=== Available data ===

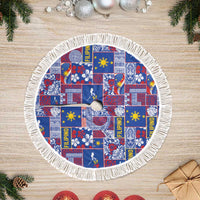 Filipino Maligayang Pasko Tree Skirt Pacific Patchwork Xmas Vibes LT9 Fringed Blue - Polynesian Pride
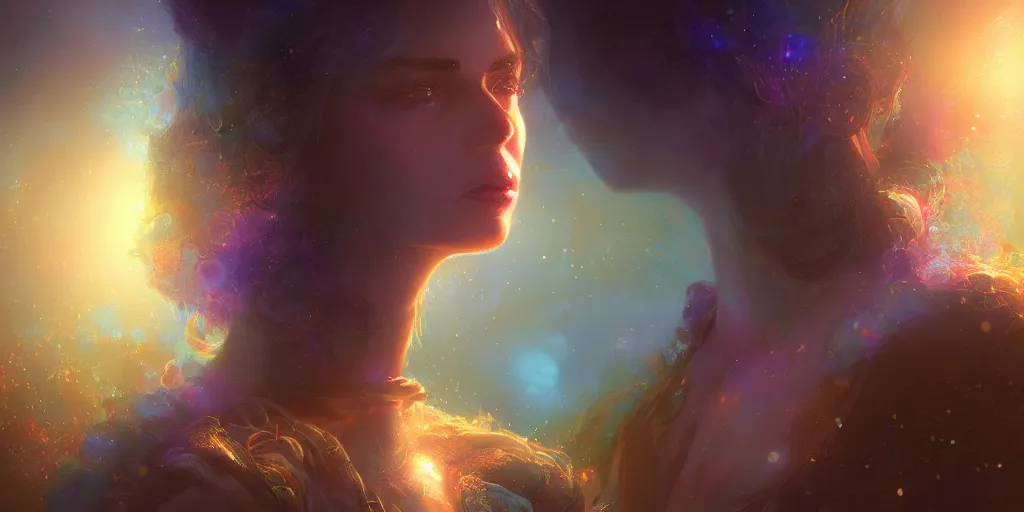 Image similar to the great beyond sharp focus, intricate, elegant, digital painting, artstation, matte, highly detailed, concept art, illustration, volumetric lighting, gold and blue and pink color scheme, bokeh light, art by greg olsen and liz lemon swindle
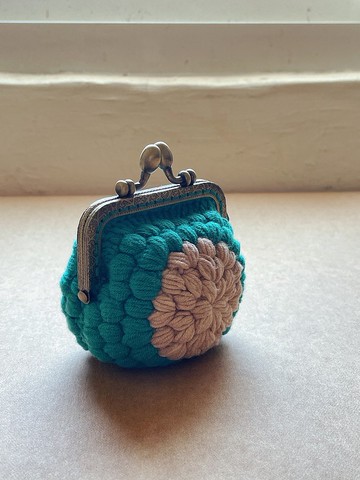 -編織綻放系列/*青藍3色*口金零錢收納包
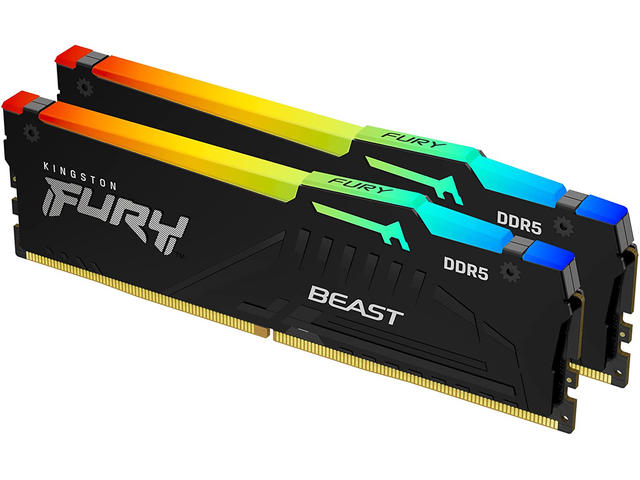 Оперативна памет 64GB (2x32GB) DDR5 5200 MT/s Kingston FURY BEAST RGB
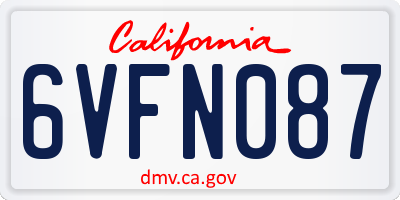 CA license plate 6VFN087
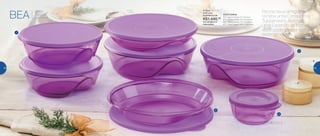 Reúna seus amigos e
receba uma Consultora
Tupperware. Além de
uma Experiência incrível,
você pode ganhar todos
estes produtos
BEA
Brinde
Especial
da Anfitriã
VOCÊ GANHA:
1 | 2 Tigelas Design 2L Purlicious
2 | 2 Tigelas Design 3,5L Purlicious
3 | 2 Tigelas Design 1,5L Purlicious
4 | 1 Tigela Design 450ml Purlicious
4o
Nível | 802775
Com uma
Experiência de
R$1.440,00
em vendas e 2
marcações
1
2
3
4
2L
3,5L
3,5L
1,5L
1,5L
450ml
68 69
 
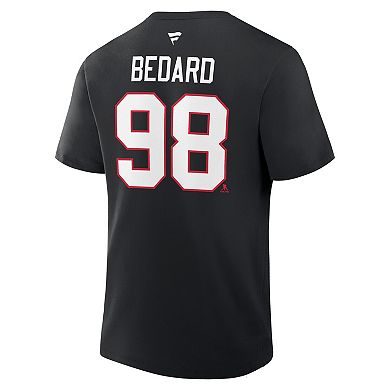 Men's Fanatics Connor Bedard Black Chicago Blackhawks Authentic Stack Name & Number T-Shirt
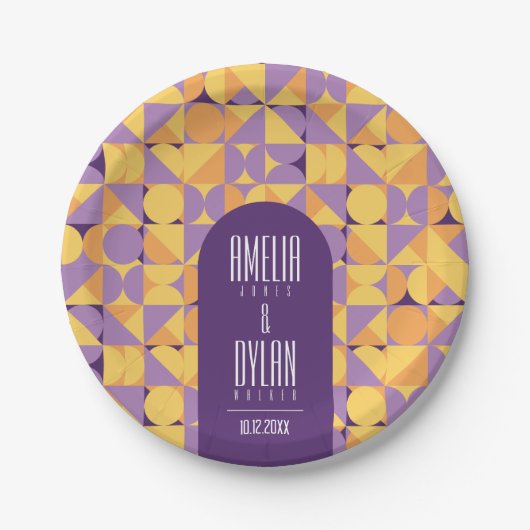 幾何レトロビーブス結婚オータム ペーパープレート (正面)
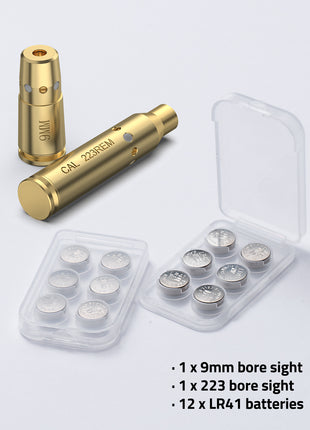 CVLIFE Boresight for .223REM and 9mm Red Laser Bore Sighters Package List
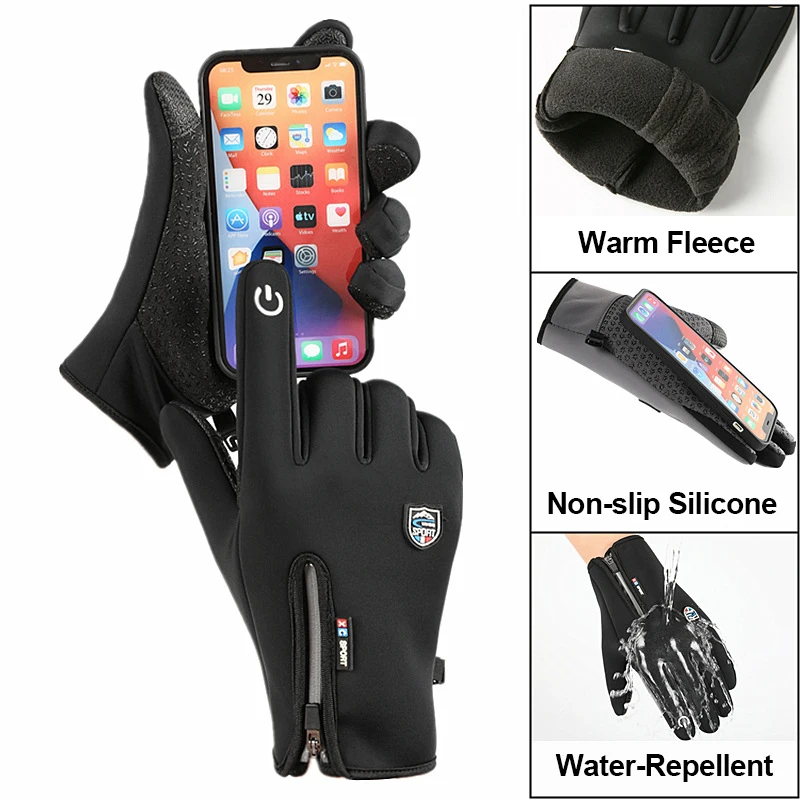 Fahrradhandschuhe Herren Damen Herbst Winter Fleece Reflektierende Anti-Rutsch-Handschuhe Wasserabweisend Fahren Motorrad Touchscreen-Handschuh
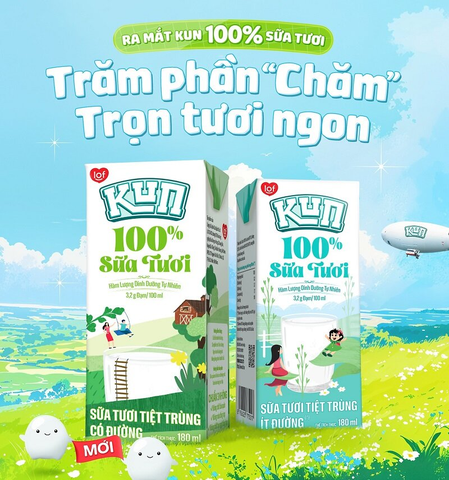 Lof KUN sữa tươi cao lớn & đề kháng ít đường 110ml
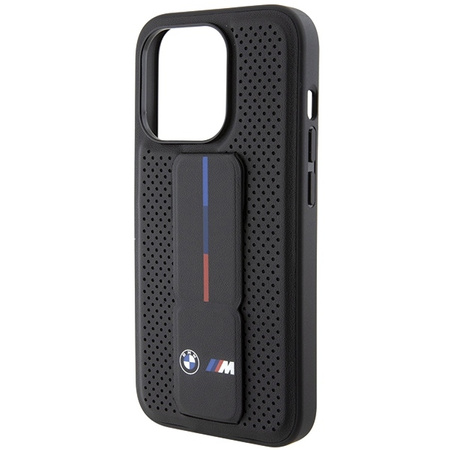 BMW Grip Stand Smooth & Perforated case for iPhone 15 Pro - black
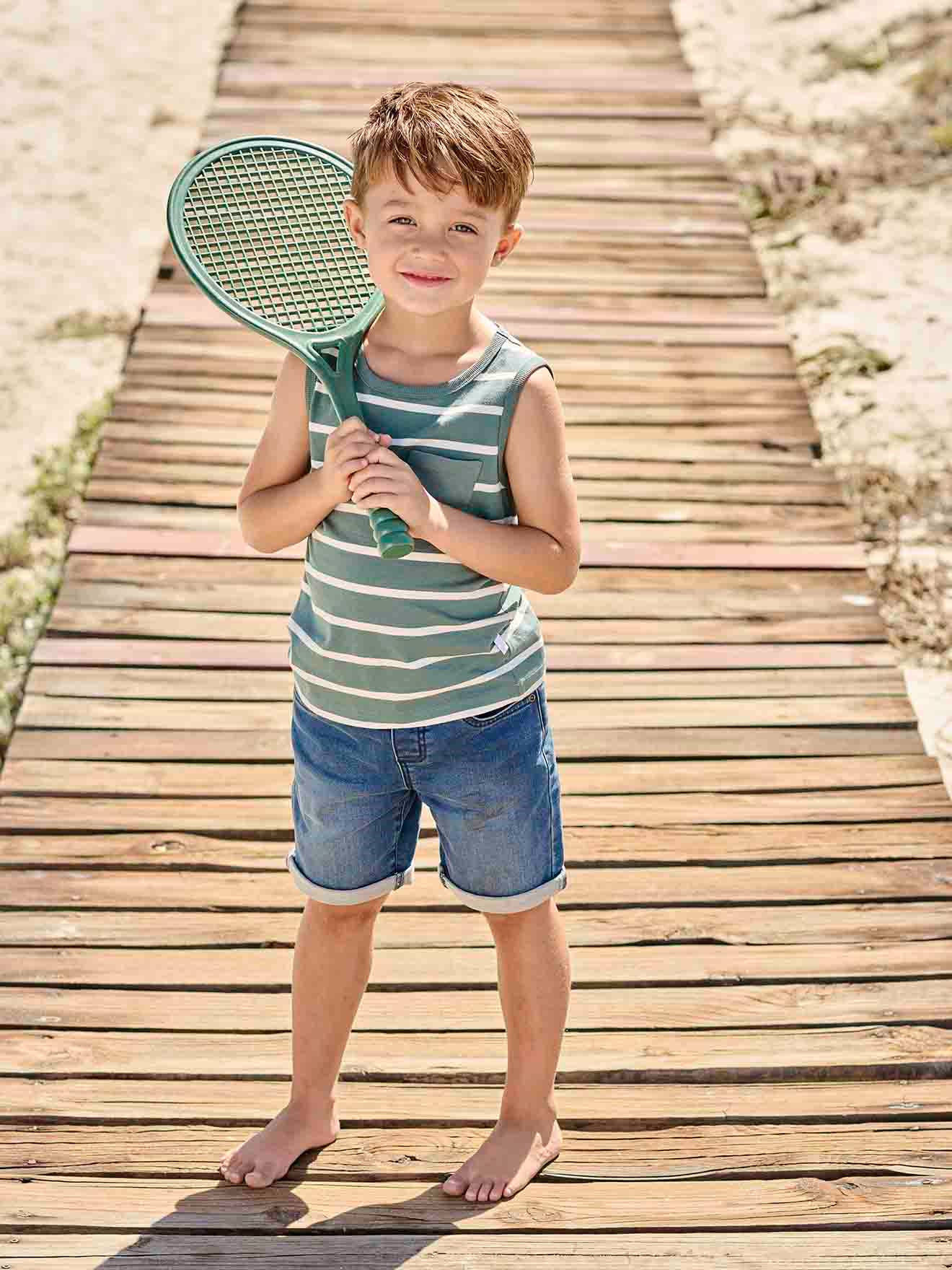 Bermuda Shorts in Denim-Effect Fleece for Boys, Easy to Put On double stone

===

Exercise aim: Give back the whole listing exactly; no pictures.

Problem solution:
 Filipino Maligayang Pasko Tree Skirt Pacific Patchwork Xmas Vibes LT9 Fringed Blue - Polynesian Pride
 Image similar to the great beyond sharp focus, intricate, elegant, digital painting, artstation, matte, highly detailed, concept art, illustration, volumetric lighting, gold and blue and pink color scheme, bokeh light, art by greg olsen and liz lemon swindle
 -編織綻放系列/*青藍3色*口金零錢收納包
 Оперативна памет 64GB (2x32GB) DDR5 5200 MT/s Kingston FURY BEAST RGB
 CA license plate 6VFN087
 Reúna seus amigos e
receba uma Consultora
Tupperware. Além de
uma Experiência incrível,
você pode ganhar todos
estes produtos
BEA
Brinde
Especial
da Anfitriã
VOCÊ GANHA:
1 | 2 Tigelas Design 2L Purlicious
2 | 2 Tigelas Design 3,5L Purlicious
3 | 2 Tigelas Design 1,5L Purlicious
4 | 1 Tigela Design 450ml Purlicious
4o
Nível | 802775
Com uma
Experiência de
R$1.440,00
em vendas e 2
marcações
1
2
3
4
2L
3,5L
3,5L
1,5L
1,5L
450ml
68 69
 
 Men's Fanatics Connor Bedard Black Chicago Blackhawks Authentic Stack Name & Number T-Shirt
 幾何レトロビーブス結婚オータム ペーパープレート (正面)
 CVLIFE Boresight for .223REM and 9mm Red Laser Bore Sighters Package List
 Fahrradhandschuhe Herren Damen Herbst Winter Fleece Reflektierende Anti-Rutsch-Handschuhe Wasserabweisend Fahren Motorrad Touchscreen-Handschuh
 Lof KUN sữa tươi cao lớn & đề kháng ít đường 110ml
 BMW Grip Stand Smooth & Perforated case for iPhone 15 Pro - black
 Bermuda Shorts in Denim-Effect Fleece for Boys, Easy to Put On double stone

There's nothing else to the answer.